- **TASK DIRECTIONS**
Once the line with "gebraucht Audi A6" is found in the data, output it and each following line exactly, up to and including the line with "8557.1 DN Накладка", and nothing before or after.

Segment Start: AVAILABLE DATA

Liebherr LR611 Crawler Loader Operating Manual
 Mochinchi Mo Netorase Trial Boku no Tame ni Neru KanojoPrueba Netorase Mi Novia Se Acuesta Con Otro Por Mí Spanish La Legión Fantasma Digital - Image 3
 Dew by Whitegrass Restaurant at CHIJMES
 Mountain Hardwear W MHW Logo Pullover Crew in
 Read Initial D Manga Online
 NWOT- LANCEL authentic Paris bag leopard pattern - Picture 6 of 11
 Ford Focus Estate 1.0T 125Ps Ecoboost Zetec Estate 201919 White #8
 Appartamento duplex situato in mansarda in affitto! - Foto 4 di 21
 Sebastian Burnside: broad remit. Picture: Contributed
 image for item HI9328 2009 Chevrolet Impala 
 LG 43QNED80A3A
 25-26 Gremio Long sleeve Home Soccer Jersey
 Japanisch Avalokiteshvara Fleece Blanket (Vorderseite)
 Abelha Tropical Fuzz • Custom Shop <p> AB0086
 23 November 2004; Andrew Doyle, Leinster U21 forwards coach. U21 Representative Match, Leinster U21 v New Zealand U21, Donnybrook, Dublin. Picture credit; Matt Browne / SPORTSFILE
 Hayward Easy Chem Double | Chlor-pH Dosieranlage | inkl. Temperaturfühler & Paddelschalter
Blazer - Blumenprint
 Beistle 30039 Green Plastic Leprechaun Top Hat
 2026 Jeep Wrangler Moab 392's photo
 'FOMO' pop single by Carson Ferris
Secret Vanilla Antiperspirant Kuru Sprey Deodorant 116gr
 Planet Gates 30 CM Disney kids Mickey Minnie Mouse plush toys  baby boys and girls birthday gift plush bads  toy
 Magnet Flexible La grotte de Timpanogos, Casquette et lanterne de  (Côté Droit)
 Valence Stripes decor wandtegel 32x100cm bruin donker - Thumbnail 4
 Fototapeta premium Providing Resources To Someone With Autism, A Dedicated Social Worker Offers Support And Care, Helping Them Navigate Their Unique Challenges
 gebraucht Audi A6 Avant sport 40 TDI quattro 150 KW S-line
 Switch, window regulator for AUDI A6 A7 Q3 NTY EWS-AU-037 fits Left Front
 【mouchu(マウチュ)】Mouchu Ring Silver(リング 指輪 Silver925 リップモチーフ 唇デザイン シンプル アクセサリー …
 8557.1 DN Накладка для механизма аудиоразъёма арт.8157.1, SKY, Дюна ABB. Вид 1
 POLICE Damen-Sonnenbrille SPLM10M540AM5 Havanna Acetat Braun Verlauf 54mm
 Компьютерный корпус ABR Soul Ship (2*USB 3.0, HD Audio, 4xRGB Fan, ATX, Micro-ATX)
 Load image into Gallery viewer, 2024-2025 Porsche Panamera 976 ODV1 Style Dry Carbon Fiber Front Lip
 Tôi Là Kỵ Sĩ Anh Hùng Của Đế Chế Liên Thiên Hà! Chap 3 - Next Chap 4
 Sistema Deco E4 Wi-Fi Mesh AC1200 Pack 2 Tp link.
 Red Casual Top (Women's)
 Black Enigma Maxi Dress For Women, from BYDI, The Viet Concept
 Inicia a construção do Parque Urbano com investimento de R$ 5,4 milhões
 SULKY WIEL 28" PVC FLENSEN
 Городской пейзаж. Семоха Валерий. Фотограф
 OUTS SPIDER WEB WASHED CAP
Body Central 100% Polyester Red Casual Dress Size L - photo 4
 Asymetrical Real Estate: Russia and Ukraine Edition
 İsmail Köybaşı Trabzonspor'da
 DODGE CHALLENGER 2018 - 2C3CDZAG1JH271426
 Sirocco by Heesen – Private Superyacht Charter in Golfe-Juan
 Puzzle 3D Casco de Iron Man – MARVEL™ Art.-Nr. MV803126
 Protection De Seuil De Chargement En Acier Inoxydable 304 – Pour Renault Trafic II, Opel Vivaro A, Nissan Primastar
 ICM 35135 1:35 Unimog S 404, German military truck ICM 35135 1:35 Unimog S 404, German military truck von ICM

Segment End: AVAILABLE DATA

- **ANSWER FOR THE TASK**
 gebraucht Audi A6 Avant sport 40 TDI quattro 150 KW S-line
 Switch, window regulator for AUDI A6 A7 Q3 NTY EWS-AU-037 fits Left Front
 【mouchu(マウチュ)】Mouchu Ring Silver(リング 指輪 Silver925 リップモチーフ 唇デザイン シンプル アクセサリー …
 8557.1 DN Накладка для механизма аудиоразъёма арт.8157.1, SKY, Дюна ABB. Вид 1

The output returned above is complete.